Haley Maple and Joel Ewusiak are attorneys with Forizs & Dogali PA in Tampa, Florida, and can be contacted at hmaple@forizs-dogali.com and jewusiak@forizs-dogali.com.

 

Résumé Mistakes That Can Cost You an Interview

By Haley Maple and Joel Ewusiak

Your ability to land an interview depends upon your ability to sell yourself through your résumé. Most likely, you have received some form of résumé writing training through your undergraduate or law school career services office.
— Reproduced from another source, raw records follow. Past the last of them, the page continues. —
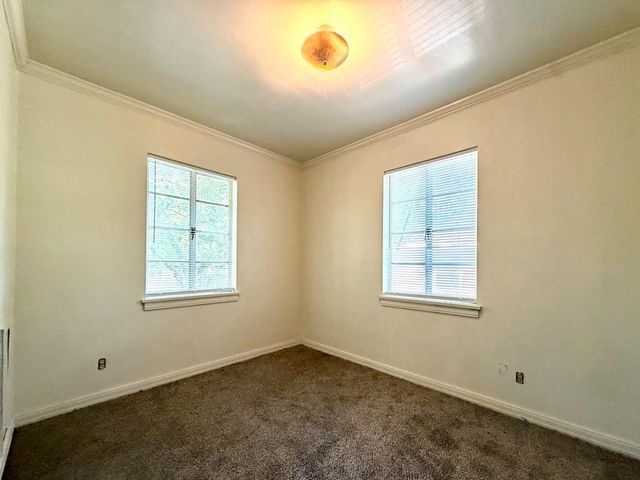 700 Lilac Avenue, Mobile, AL 36606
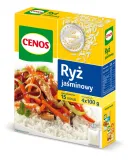 cenos-ryz-jasminowy-4x100g-do-curry-warzyw-i-kuchni-orientalnej-sypki-tluszcz-0-5-g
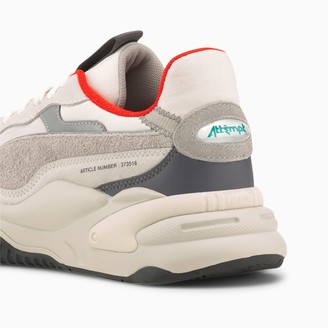 Puma x ATTEMPT RS-2K Sneakers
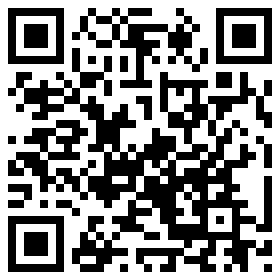 qrcode für Siemens Leuchtpilzdrucktaster 22mm rd Ku blau 30mm verr - 3SU1001-1AA50-0AA0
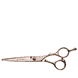 Aristocut Scissor Set Sunset Left-handed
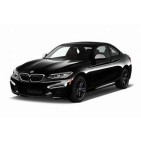 SERIE 2 COUPE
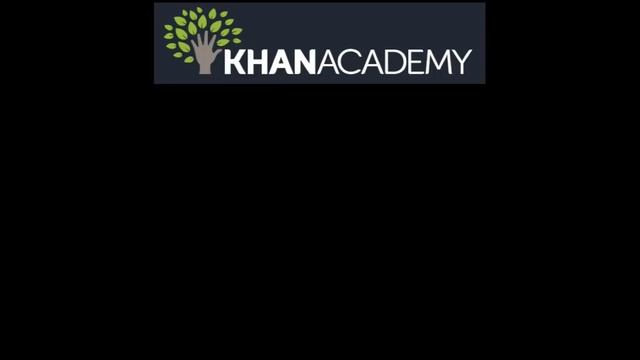 Welcome to SQL | Intro to SQL: Querying and managing data | Computer programming | Khan Academy смотреть онлайн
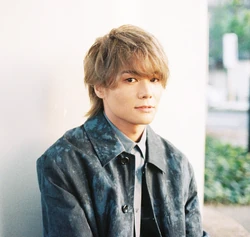 ミュージック TAKURO & his BIG GROUP with SEO 2005 Takuro Yoshida - Another Side Of Takuro 25 | Deezer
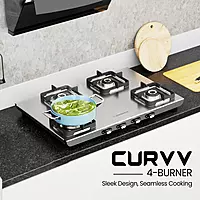 4B Curvv GS Sunshine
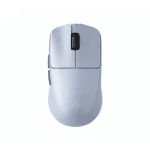 ATK Blazing Sky F1 V2 Ultimate Series Esports Wireless Mouse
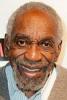 Bill Cobbs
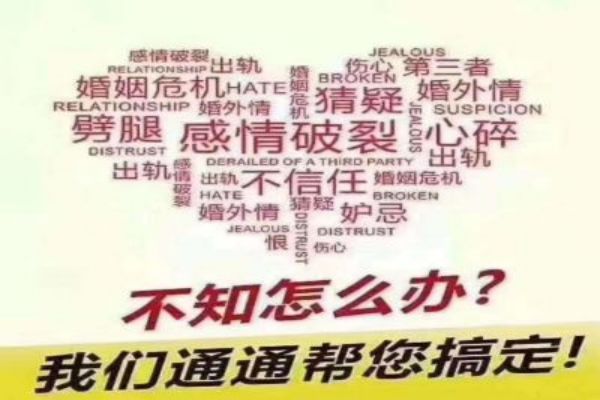 &#20048;&#31454;&#32593;&#39029;&#29256;&#30331;&#24405;&#20837;&#21475;&#45;&#20048;&#31454;&#40;&#20013;&#22269;&#41;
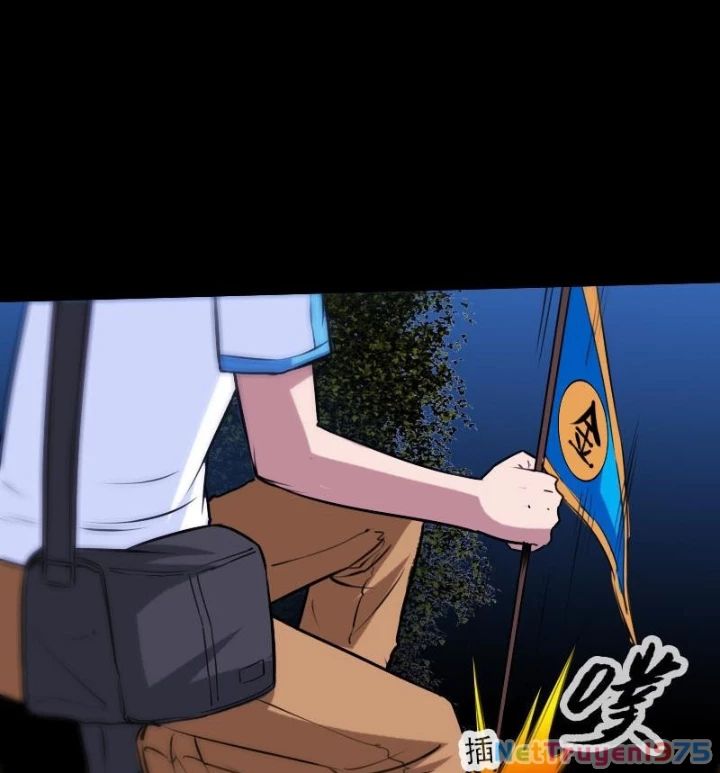 Kiếp Thiên Vận Chapter 269 - Trang 29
You know to use action words to demonstrate your skills and to provide standard education and experience information.

If your résumé contains minor typographical errors or other mistakes and reflects errors in your personal judgment, however, it is likely to end up in the “circular file.” This is especially true in today’s economy where the competition is stiff.

Even if your résumé appears to be “perfect,” you could damage your chances of landing an interview if you fail to account for special considerations when posting your résumé online and e-mailing it to potential employers.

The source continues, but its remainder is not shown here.